One such breakthrough led by Griffith University’s Australian Research Centre for Human Evolution (ARCHE), in collaboration with international partners, comes from the exploration of underground settings, including caves and lava tubes, which have remained largely untapped reservoirs of archaeological abundance in Arabia. 

Through meticulous excavation and analysis, researchers have uncovered a wealth of evidence at Umm Jirsan, spanning from the Neolithic to the Chalcolithic/Bronze Age periods (~10,000-3,500 years ago). 

“Our findings at Umm Jirsan provide a rare glimpse into the lives of ancient peoples in Arabia, revealing repeated phases of human occupation and shedding light on the pastoralist activities that once thrived in this landscape,” said Dr Mathew Stewart, the lead researcher and a Research Fellow at ARCHE. 

“This site likely served as a crucial waypoint along pastoral routes, linking key oases and facilitating cultural exchange and trade.” 

Rock art and faunal records attest to the pastoralist use of the lava tube and surrounding areas, painting a vivid picture of ancient lifeways.  

Depictions of cattle, sheep, goat and dogs corroborate the prehistoric livestock practices and herd composition of the region.   

Isotopic analysis of animal remains indicates that livestock primarily grazed on wild grasses and shrubs, while humans maintained a diet rich in protein, with a notable increase in the consumption of C3 plants over time, suggesting the emergence of oasis agriculture. 

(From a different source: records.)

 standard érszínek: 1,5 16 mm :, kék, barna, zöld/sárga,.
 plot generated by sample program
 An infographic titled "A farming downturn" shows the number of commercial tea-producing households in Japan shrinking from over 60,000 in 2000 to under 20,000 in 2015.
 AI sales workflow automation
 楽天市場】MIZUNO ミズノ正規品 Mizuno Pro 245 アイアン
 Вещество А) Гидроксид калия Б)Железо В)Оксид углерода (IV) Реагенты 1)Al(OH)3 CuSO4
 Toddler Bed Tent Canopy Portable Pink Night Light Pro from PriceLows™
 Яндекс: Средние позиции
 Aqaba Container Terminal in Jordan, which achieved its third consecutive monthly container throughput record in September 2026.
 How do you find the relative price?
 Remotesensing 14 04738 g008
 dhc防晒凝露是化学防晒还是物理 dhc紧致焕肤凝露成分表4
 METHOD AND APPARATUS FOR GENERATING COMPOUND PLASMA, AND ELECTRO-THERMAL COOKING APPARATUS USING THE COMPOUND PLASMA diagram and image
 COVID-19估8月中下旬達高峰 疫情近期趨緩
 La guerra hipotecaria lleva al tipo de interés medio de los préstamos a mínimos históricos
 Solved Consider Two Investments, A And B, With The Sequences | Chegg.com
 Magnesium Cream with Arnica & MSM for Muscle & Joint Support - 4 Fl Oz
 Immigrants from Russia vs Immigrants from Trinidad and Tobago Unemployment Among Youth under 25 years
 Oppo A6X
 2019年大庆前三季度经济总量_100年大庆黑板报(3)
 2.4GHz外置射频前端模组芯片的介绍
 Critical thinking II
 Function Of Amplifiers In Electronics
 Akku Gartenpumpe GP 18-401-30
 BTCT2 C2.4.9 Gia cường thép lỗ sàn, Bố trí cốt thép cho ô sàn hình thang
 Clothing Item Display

“While underground localities are globally significant in archaeology and Quaternary science, our research represents the first comprehensive study of its kind in Saudi Arabia,” added Professor Michael Petraglia, Director of ARCHE. 

“These findings underscore the immense potential for interdisciplinary investigations in caves and lava tubes, offering a unique window into Arabia’s ancient past.” 

The research at Umm Jirsan underscores the importance of collaborative, multidisciplinary approaches to archaeological inquiry and highlights the significance of Arabia’s archaeological heritage on the global stage. 

Researchers involved in this study work in close partnership with the Heritage Commission, Saudi Ministry of Culture, and the Saudi Geological Survey. Additional partners include King Saud University and key institutions in the UK, the USA, and Germany. 

The study ‘First evidence for human occupation of a lava tube in Arabia: the archaeology of Umm Jirsan Cave and its surroundings, northern Saudi Arabia’ has been published in PLOS ONE.